But if you check HPD's crime statistics, you won't find his case listed at all. You also won't find at least six other sexual assault cases in which the suspect was charged. And there are another eight listed as less violent crimes, calling into question the legitimacy of HPD's reported crime statistics.

This is all important because the city hangs its hat and reputation on lowering crime from year to year. And each year it reports these numbers to the FBI, which in turn ranks cities based on the most serious -- murder, rape, robbery, and aggravated assault -- omitting or changing the codes can alter the results for all reported crime.

HPD Chief Harold Hurtt said, "(They're) as reliable as human beings are, I guess."

There are also the cases where the coding of the crimes itself is questionable. Including one case in which a suspect was charged with sexual assault, but HPD coded it as robbery because the suspect took the woman's cell phone.

Marinelle Timmons runs the victims' assistance center, and she wonders how many more miscoded cases there are we just don't know about.

"You wonder if there wasn't a thorough enough investigation on their part, to where they felt they could back a more serious charge or if there's some other reason," she mused.

Chief Hurtt admitted, "That's always a possibility (that some of the crimes that are reported aren't coded correctly.) We deal with thousands and thousands of cases each year."

Eyewitness News also found 20 charged aggravated assaults that HPD coded as lesser crimes. While coding a crime is not a science, there are the Uniform Crime Reporting guidelines, called UCR, which tell officers to code the most serious crime if more than one is committed.
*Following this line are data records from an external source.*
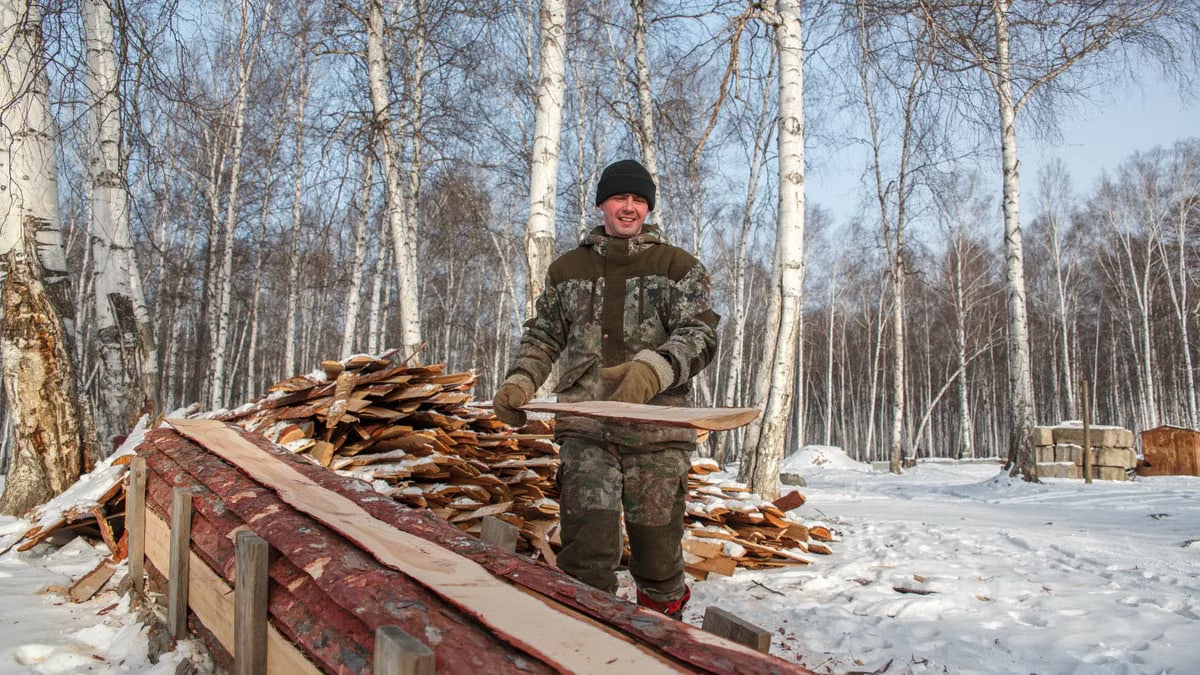 A man smiling while stacking wood in a snowy birch forest during winter.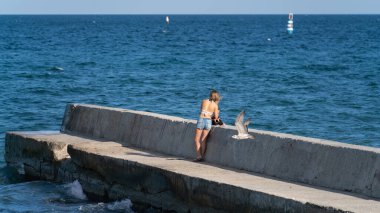 Bir kız mavi denizin arka planında beton bir iskelede duruyor, güneşli bir sonbaharın ilk günlerinde bir deniz kuşu yakınlarda uçuyor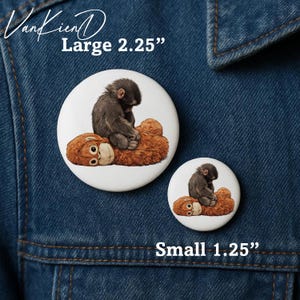 May include: Two white buttons with an illustration of a baby monkey sitting on a teddy bear. The large button is 2.25 inches, and the small button is 1.25 inches. The buttons are on a denim jacket.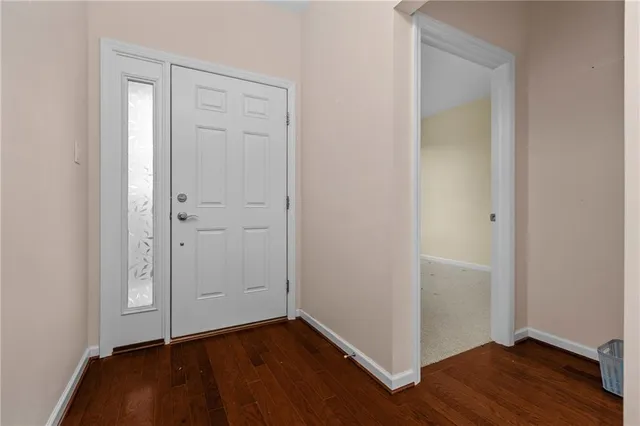 an empty room with wooden floor and closet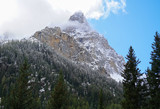 Clouds hang on the peaks and forests of the Tetons after an Autumn storm, but they are giving way to the blue sky.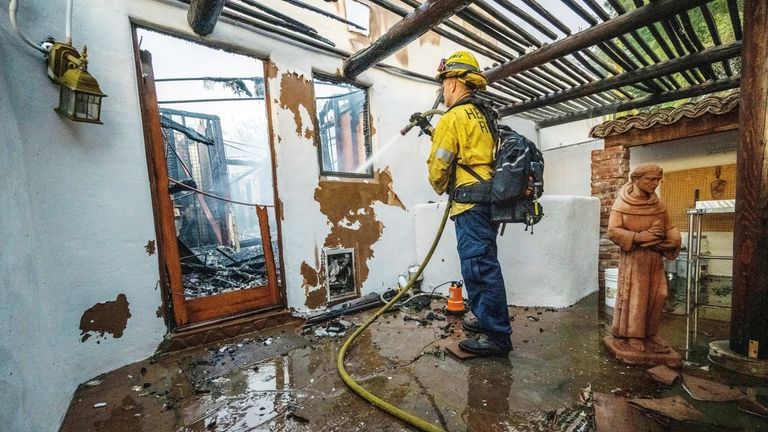 A firefighter hoses down hot spots at Noel Piri's home...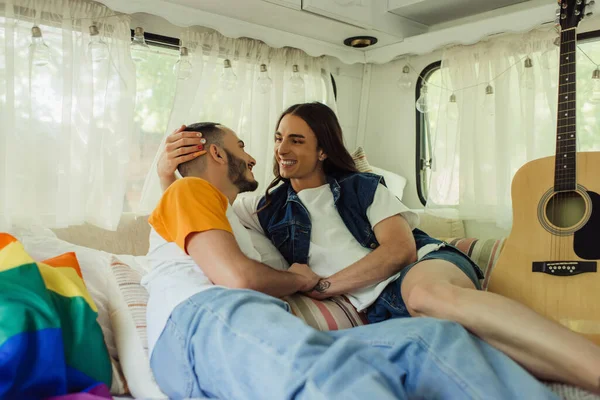 Sorridente gay uomo con tatuaggio guardando barbuto fidanzato su letto vicino lgbt bandiera e acustica chitarra in moderno van — Foto stock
Are they always doing that? Is the reporting consistent? Without HPD statisticians answering our questions about specific cases, it's hard to know. Chief Hurtt says he's already talked about that with the FBI director regarding all police departments.

"We need to look at the process of UCR to make sure that the facts we are giving out are as accurate as possible," Chief Hurtt said.

We also asked HPD for the public information portion of the police report on Officer Dargin. The department wouldn't give it to us, claiming it's part of an internal affairs investigation. It's now up to the attorney general to decide.

Chief Hurtt says he supports changing the crime reporting method for police departments across the country. The current system accounts for only the most serious crimes if more than one is committed. The nation incident based reporting system accounts for each of the crimes -- and makes the stats more accurate.